Ethique de la critique : Les mécanismes de la « banalité du mal » au travail

 

 

Dans Souffrances en France, C. Dejours avait essayé de décrypter certains mécanismes de la « banalité du mal » au travail. On peut essayer en dehors des analyses qui ont déjà été proposées par cet auteur de mettre en lumière d’autres mécanismes.

 

Plusieurs des mécanismes ci-dessous peuvent renvoyer à ce que Weber avait qualifié de « cage d’acier » et qui caractérisent selon lui aussi bien l’État bureaucratique que l’entreprise capitaliste. On les retrouve par exemple lorsque Weber décrit le fonctionnement de l’administration bureaucratique avec par exemple l’impersonnalité ou le formalisme.

 

 

- La déresponsabilisation :

 

Dans les grandes organisations de travail, le fait que certaines fonctions puissent être assumées collectivement peut conduire à ce que chaque personne individuellement ne se sente pas responsable de la situation.

 

On observe ce phénomène également en cas d’agression dans un espace public, chacun s’attend à ce que l’autre intervienne, et de fait personne ne réagit.
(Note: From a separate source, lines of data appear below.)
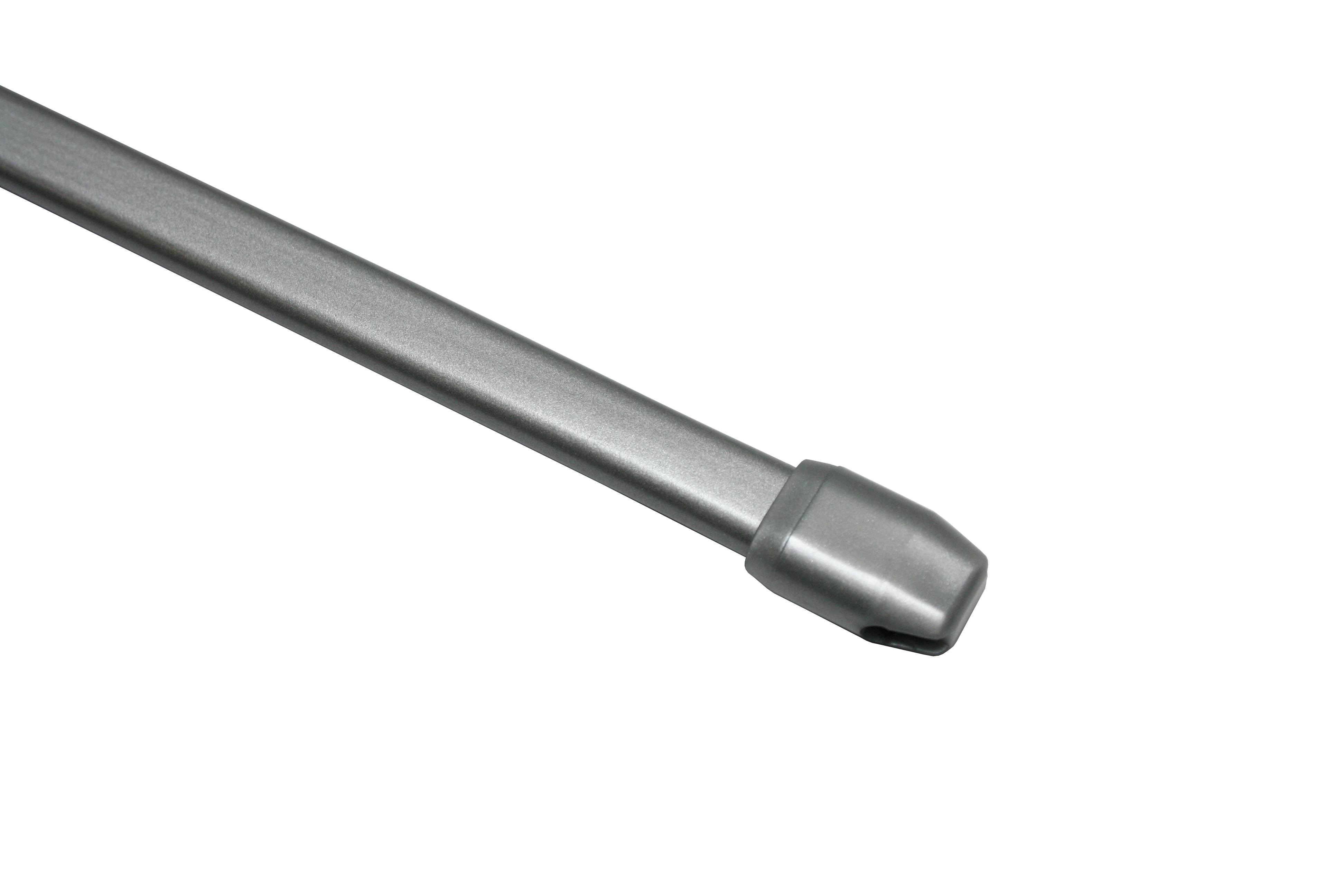 Vitrážní tyčka 11mm, 100-160cm kov/plast, stříbrná matná - 2ks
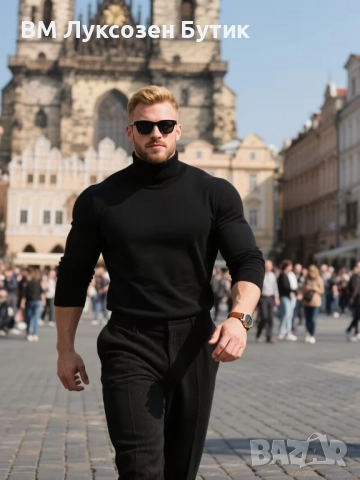 ✨ МЪЖКИ ЛУКСОЗЕН ПУЛОВЕР – СТИЛЪТ, КОЙТО ТЕ ОТЛИЧАВА ✨, снимка 4 - Пуловери - 52678611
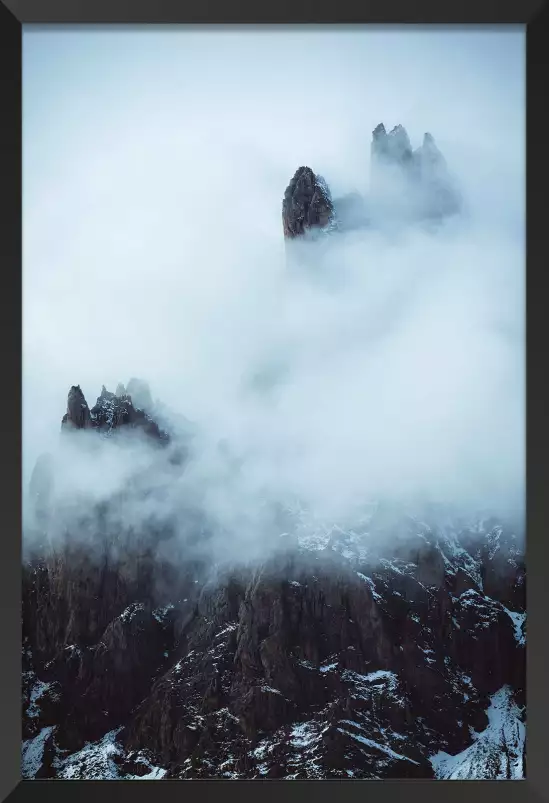 Tempête dans les alpes suisses - paysage montagne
C’est ce que des psychologues sociaux ont appelé « l’effet du passant ».

 

Par exemple, dans une organisation du travail, un mail envoyé à un service par un collaborateur d’un autre service pour mettre en lumière une situation problématique peut rester sans réponses car au sein de ce service personne ne considère que cette situation ne relève personnellement de sa compétence et de sa responsabilité.

 

- L’impersonnalité

 

Dans les grandes organisations de travail, les relations peuvent être impersonnelles, à travers des échanges de mail, donc le fait de ne pas avoir directement à faire aux personnes, peut créer une situation d’impersonnalité. De fait, impersonnalité et déresponsabilisation peuvent être liées.

 

E. Lévinas a souligné dans son travail sur la morale que le visage de l’autre porte une exigence morale. Le caractère impersonnel des échanges peut au contraire faire disparaître le sentiment d’exigence morale. C’est une situation que l’on observe également dans les échanges en ligne qui peuvent faciliter le passage à des comportements problématiques.

 

- La rationalité instrumentale

 

Les organisations de travail néolibérales ou technocapitalistes, dominées par une logique d’efficacité, conduisent les individus à raisonner selon la logique instrumentale.

 

Pris dans la logique de raisonnement que leur impose l’organisation du travail, ils ont une plus grande difficulté à faire primer la raison pratique, la conscience morale.

 

C’est ce qu’Adorno a appelé le « voile technologique ». Les individus se mettent à raisonner avant tout sur l’efficacité des moyens et oublient les finalités.

 

Au lieu par exemple de prendre en compte comme une priorité la santé des travailleurs, les encadrants raisonnent en faisant intervenir en priorité des considérations qui relèvent du calcul d’efficacité.

Conclusion :

 

La « banalité du mal » au travail ne peut se limiter à une analyse simplement morale, qui ne fait intervenir que les relations interpersonnelles, elle implique une analyse des logiques d’organisation qui favorisent chez les acteurs et actrices des comportements où l’expression de la conscience morale devient secondaire.